Data provided =>

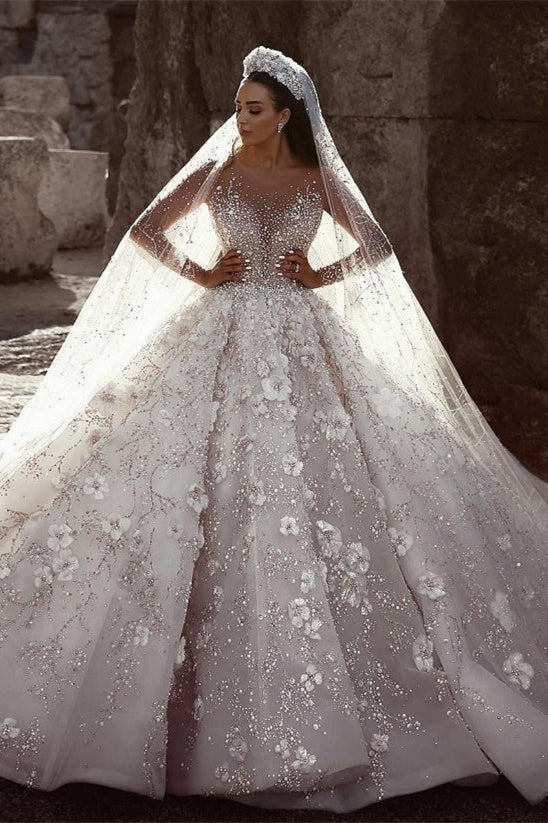 Hermoso vestido de novia estilo princesa con mangas largas y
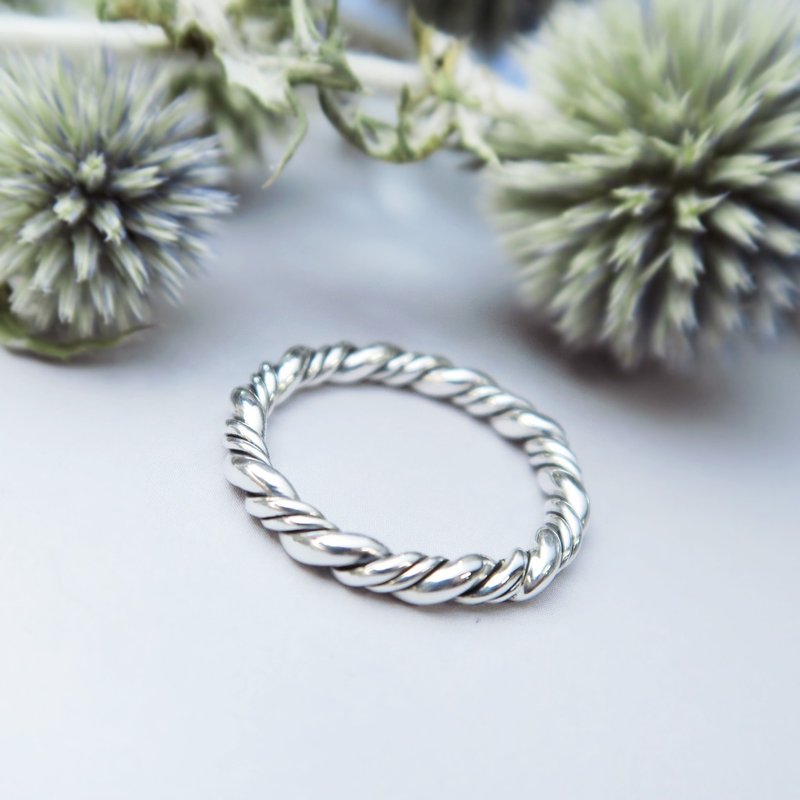 Winter limited twist twist ring-ART64 Taipei Breeze Nanshan Store-Metalworking and Silver Jewelry Experience Course - งานโลหะ/เครื่องประดับ - เงินแท้ 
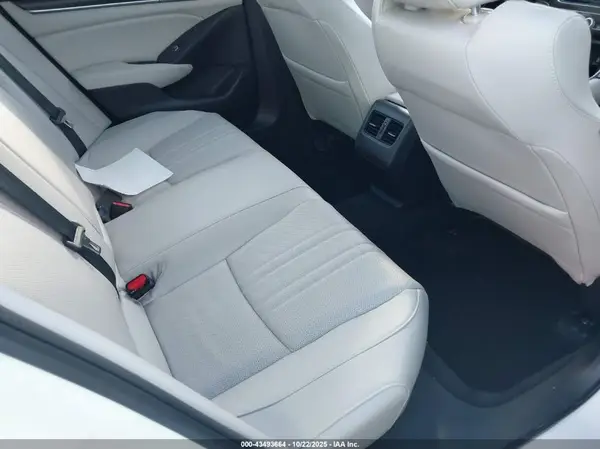 1HGCV1F92JA165376 2018 HONDA ACCORD - Image 8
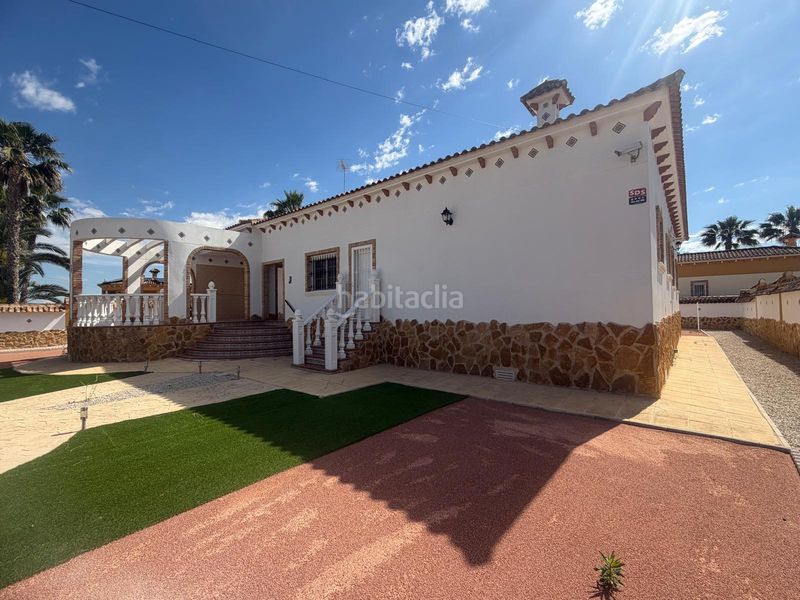 Foto 4824a599-718d-4900-8066-2aa29991aed0. Masia amb aparcament a Catral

What the exercise asks => Take the line containing "Winter limited twist" as the first line and the last line of the data above as the final one, and output exactly the lines between them, inclusive, with no pictures.

Written response =>
 Winter limited twist twist ring-ART64 Taipei Breeze Nanshan Store-Metalworking and Silver Jewelry Experience Course - งานโลหะ/เครื่องประดับ - เงินแท้ 
 1HGCV1F92JA165376 2018 HONDA ACCORD - Image 8
 Foto 4824a599-718d-4900-8066-2aa29991aed0. Masia amb aparcament a Catral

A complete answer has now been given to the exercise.